The opening toward higher consciousness means you must have something indubitable with you – that’s what trust means. You have at least one point which you trust, which you cannot doubt even if you want to. That’s why I said Descartes came to a point through his logical investigation: “We cannot doubt ourselves. I cannot doubt that I am, because even to say that I doubt I have to be there. The very assertion that ‘I doubt’ proves that I am.”

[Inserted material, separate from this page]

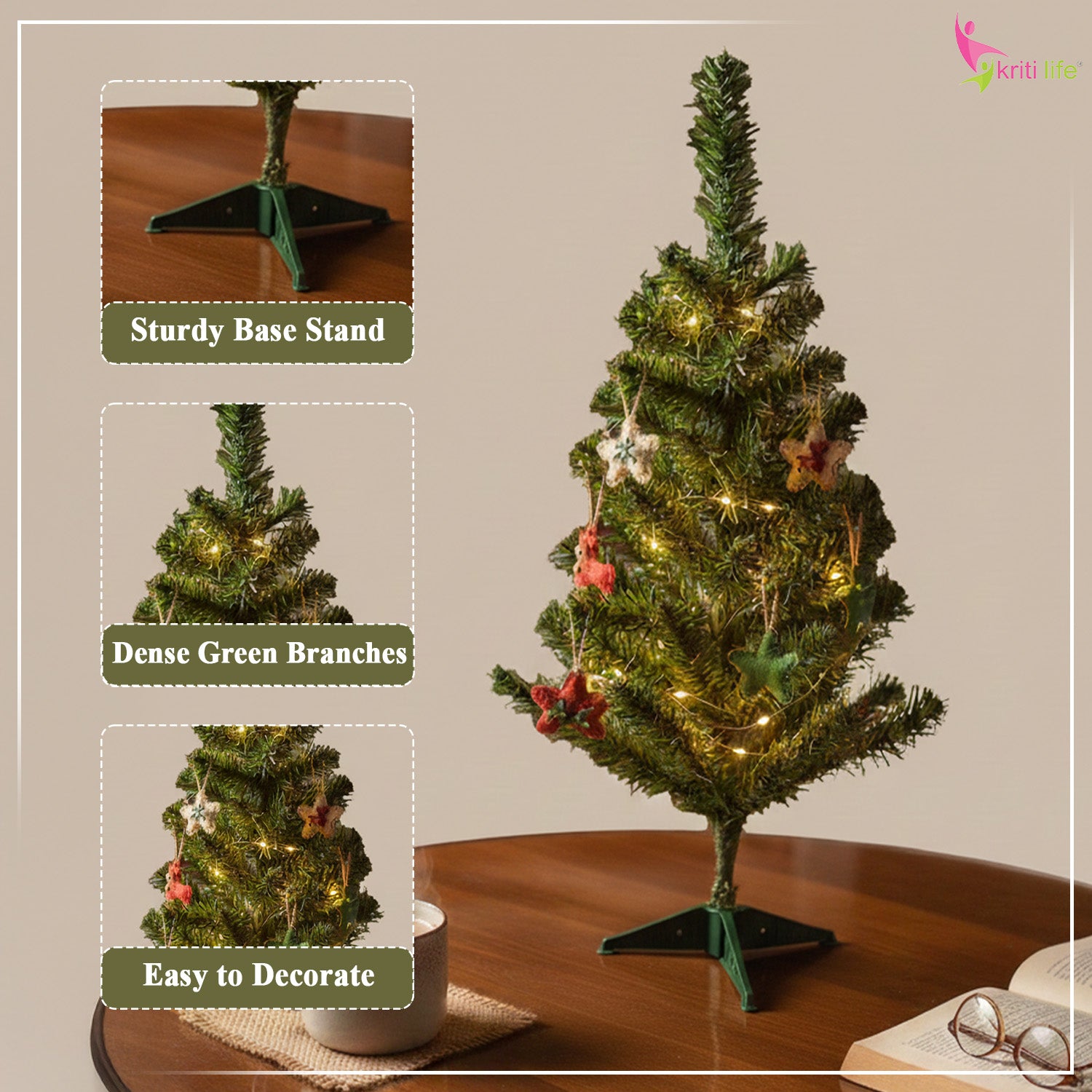 Artificial Christmas Tree with Stand - 2 Feet | Compact Festive Decor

You must have heard the famous dictum of Descartes, “Cogito, ergo sum – I think, therefore I am.” Doubting is thinking: I doubt, therefore I am. But this is just an opening, and Descartes never went beyond this opening. He again turned back. You can come back from the very door. He was happy that he had found a center, an indubitable center, and then he started to work out his philosophy. So all that he had denied before, he pulled in from the back door:
“Because I am, then there must be a creator who has created me.” And then he went on to heaven and hell, then God and sin and the whole Christian theology came in from the back door.
He used this as a philosophical inquiry. He was not a yogi; he was not really in search of his being, he was in search of a theory. But you can use that as an opening. An opening means you have to transcend it, you have to go beyond, you have to pass over it, you have to go through it. You are not to cling to it. If you cling then any opening will become closed.
It is good to realize: “At least I cannot doubt myself.” Then the right step will be this: “If I cannot doubt myself, if I feel I am, then I must know who I am.” Then it becomes a right inquiry. Then you move into religion, because when you ask, “Who am I?” you have asked a fundamental question. Not philosophical – existential. Nobody else can tell you who you are. Nobody else can give you a ready-made answer. You will have to search yourself, you will have to dig it out within yourself.
Just this logical certainty that “I am” is not of much use if you don’t go ahead and ask, “Who am I?” And this is not a question; this is going to be a quest. A question may lead you into philosophy, a quest leads you into religion. So if you feel that you don’t know yourself, then don’t go to anybody to ask, “Who am I?” Nobody can answer you. You are there inside, hidden. You have to penetrate to that dimension where you are, encounter yourself.
This is a different type of journey, the inner journey. All our journeys are outer: we are making bridges to reach someone else. This quest means you have to break all the bridges to others. All that you have done without has to be dropped and something new has to be started within. It will be difficult, just because you have become so fixed with the without. You always think of others, you never think of yourself.
This is strange, but no one thinks about himself, he thinks about others. If sometimes you think about yourself it is also in relation to others. It is never pure. It is not simply just about you. Then when you think just about you, thinking will have to be dropped because what can you think? You can think about others; thinking means “about.” What can you think about yourself? You will have to drop thinking and you will have to look inside – not thinking but looking, seeing, observing, witnessing. The whole process will change. One has to look for oneself.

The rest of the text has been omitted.